| Exercise details |
Your answer should consist of every line in the records that holds "thumbnail".
■ ■ ■ ■
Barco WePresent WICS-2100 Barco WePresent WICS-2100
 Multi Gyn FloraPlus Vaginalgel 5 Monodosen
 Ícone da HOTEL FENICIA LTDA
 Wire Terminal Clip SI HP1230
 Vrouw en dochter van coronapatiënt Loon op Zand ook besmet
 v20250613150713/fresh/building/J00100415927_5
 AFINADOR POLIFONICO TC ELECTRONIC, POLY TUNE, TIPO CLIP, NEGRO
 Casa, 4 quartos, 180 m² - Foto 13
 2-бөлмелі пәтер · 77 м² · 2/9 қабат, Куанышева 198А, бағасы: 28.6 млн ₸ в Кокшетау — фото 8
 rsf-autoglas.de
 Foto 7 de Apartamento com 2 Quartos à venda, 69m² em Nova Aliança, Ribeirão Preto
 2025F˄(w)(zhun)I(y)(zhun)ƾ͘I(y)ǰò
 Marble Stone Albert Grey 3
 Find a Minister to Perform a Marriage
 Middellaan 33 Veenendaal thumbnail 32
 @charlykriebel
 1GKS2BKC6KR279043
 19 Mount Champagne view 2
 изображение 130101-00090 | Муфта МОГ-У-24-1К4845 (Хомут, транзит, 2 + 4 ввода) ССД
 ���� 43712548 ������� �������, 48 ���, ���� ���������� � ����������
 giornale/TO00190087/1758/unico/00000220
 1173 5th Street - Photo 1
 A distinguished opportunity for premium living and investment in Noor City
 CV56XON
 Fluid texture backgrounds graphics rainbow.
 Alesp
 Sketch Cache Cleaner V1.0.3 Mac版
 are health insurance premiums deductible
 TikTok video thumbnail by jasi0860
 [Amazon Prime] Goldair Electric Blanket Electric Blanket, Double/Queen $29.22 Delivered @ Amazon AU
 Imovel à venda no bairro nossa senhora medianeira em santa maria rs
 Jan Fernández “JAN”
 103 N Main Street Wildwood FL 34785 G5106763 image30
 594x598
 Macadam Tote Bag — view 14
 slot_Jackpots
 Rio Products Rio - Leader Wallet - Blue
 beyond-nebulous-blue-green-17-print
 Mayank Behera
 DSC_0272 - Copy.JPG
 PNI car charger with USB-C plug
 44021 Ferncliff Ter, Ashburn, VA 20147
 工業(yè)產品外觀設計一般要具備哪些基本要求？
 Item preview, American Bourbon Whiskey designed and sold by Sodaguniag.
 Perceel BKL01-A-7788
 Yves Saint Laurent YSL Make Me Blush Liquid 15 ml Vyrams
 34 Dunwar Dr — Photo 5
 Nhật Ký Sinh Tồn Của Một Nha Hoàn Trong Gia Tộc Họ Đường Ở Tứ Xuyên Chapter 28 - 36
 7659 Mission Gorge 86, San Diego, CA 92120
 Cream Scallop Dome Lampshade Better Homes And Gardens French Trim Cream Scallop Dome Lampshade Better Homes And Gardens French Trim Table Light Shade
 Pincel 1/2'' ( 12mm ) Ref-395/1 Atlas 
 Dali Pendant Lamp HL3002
■ ■ ■ ■
| Result |
 Middellaan 33 Veenendaal thumbnail 32
 TikTok video thumbnail by jasi0860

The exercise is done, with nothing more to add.